Dear SaaStr: How Does SaaStr Fund Decide What to Invest In?

Let me give my investing process at least for SaaStr Fund:

First, I try somehow to identify before a first meeting if there is a >=2.5% chance of investing. This is perhaps the most non-obvious part. There are too many startups out there that want to meet, have coffee, do a Zoom, etc. You simply cannot meet with all of them. The single most important thing you can do is protect your “slots” so that you meet with startups there is at least some chance you might invest in. You need to challenge your mindset so you don’t pattern match or get into a rut, but every meeting you take with a startup there is truly a 0% chance you’d invest in, is one less meeting you’ll take with one that could return the fund.

How do you determine that?

  • A strong warm referral (“this is the best startup I’ve met this year”) is a clear Must Meet. But weak warm referrals are almost worse than nothing. They create an obligation to meet without a desire to.
  • A great cold outbound email can work well, too, if the metrics and pitch make you lean forward at a keyboard.
  • And a “let’s get together” from a great founder you’ve known for a while is always an automatic meet. There are always a bunch of founders you know that if the stars align, you’d definitely want to back.

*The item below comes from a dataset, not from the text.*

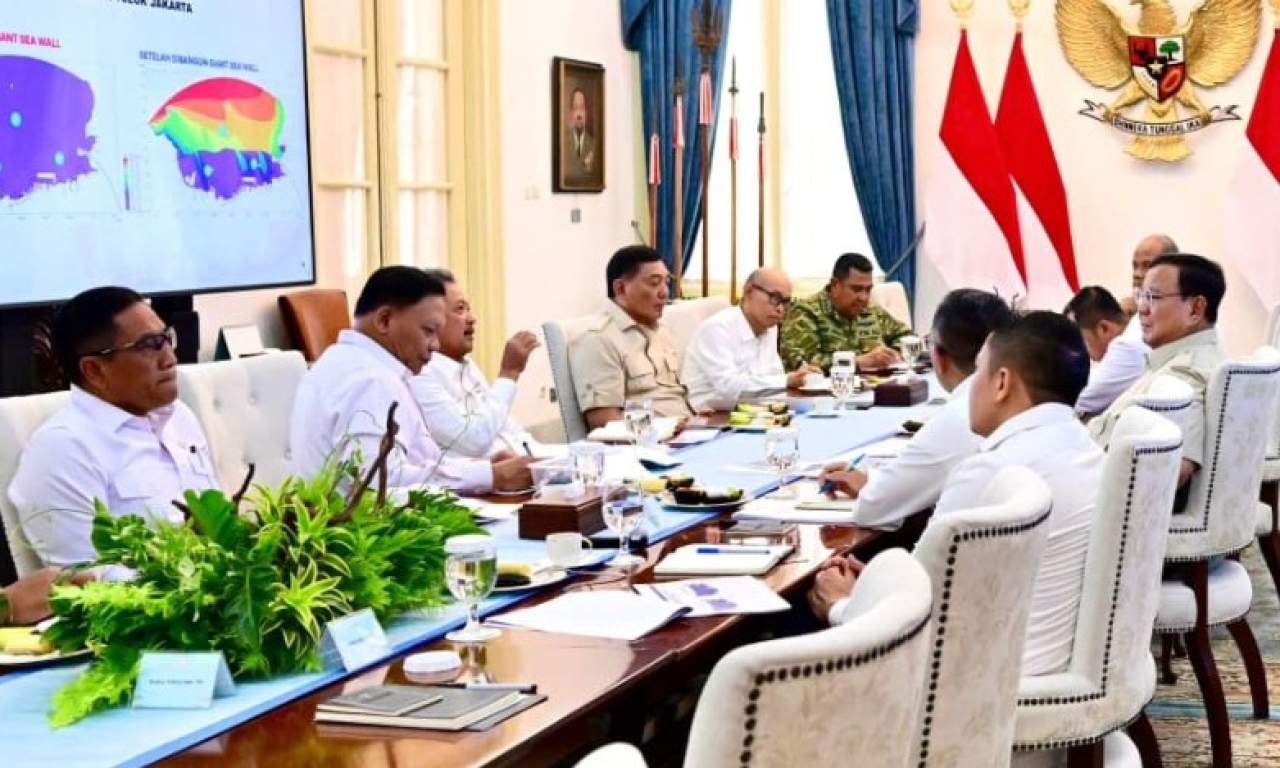 Presiden Prabowo Subianto memimpin rapat terbatas dengan sejumlah Menteri Kabinet Merah Putih terkait dengan pematangan rencana pembangunan giant sea wall. (Foto: BPMI Setpres)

You have to take some risks and do some meetings you think there is 0% chance you’d fund. But you can’t do too many. Or they will entirely crowd out your calendar.

But all you have to do as a founder is get above 2.5% or so. Then I definitely want to meet. So maybe don’t do things that decrease your odds, e.g. not meet in person (a phone ‘meeting’ is an automatic < 2.5%), sending a “teaser” deck without data (ditto), creating the sense you just are “taking meetings” but don’t have particular interest in me, etc.

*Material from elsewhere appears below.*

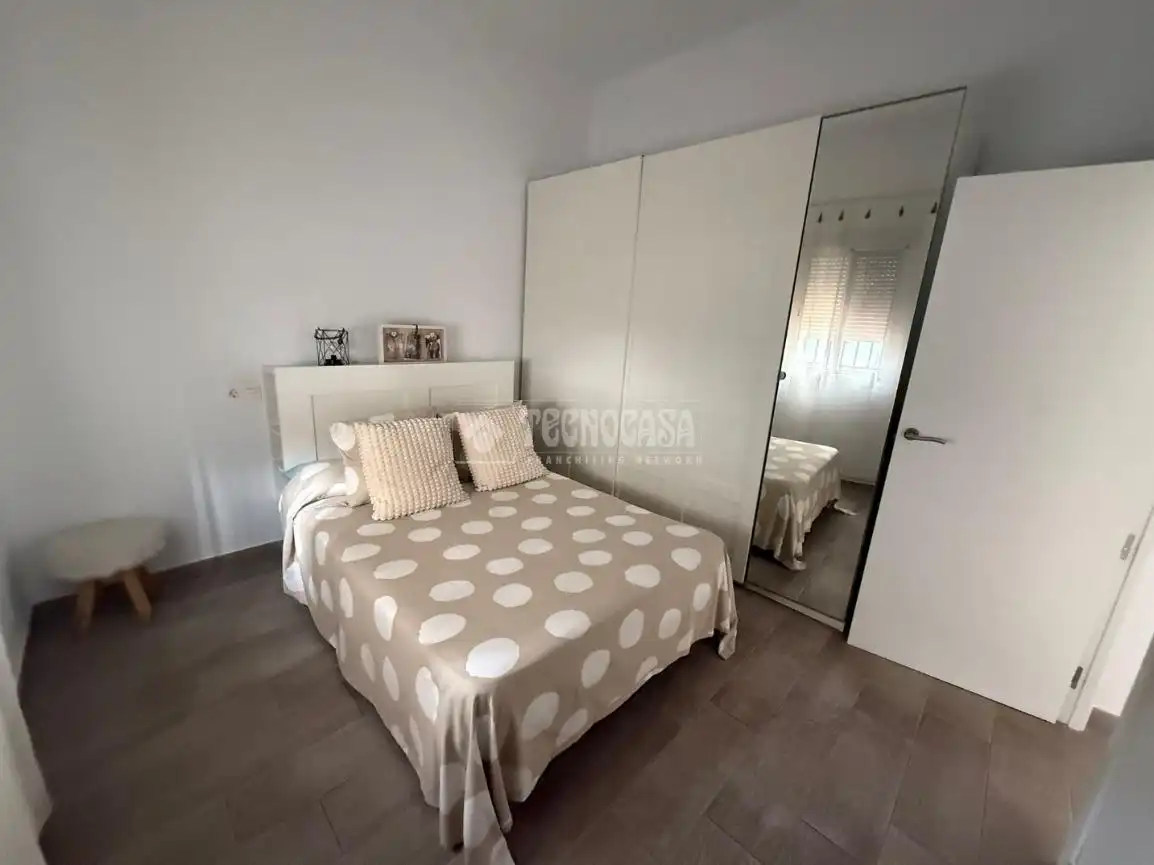 Bedroom of Flat for sale in Sevilla  with Air Conditioner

Second, I then look for reasons not to invest. This may sound backward, but again, there are too many startups. There are too few great startups, but unfortunately, too many “merely good” and fairly good and almost good startups. 🙁 These are often amazing companies but cannot generate venture returns, unfortunately.

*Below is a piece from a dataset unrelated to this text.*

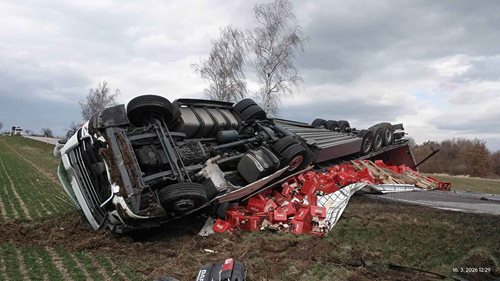 Dopravní kolaps po převráceném kamiónu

So next, it saves the most time to look at reasons not to invest. My top reasons:

  • Founders that can’t see the future. I’m not smart enough to see the future of your industry. If you can’t explain where your product and company will be in 1, 2, and 5 years at least … that’s a Not a Good Fit.
  • Growing too slowly. This isn’t always a pass, but the later stage you are, the bigger a deal it is. If it’s before $20k or $30k or so in MRR, and the raw ingredients are there, it may be fine. If you are at $1m in ARR or so and growing < 100% year-over-year, though, that’s almost an automatic Not a Good Fit. Realistically, 200% at $1m ARR is the minimum.
  • No one great on the team. There have to be 2 great folks on the team.
  • Tired of the market / space. Some spaces I just have fatigue in. But others won’t. Conversely, I’ve invested in spaces others thought were “played out” because I didn’t have fatigue (e.g., Algolia, Pipedrive, Talkdesk, RainforestQA, Logikcull, Automile as examples).
  • Any inappropriate comments. Sexism, ageism, excessive hubris, an arrogant view of much larger competitors … best case, these suggest you won’t be able to build a great management team. I don’t expect early-stage founders to be polished, but offensive comments and perspectives are an automatic Not a Good Fit.
  • Software that just isn’t good enough — even if traction is strong. If it’s early, of course, no one can expect every feature to be amazing. But something in the product has to be, even in the very early days. The competitive bar is just too high today to ship something that is a pure hack that evolves into something great within 24 months.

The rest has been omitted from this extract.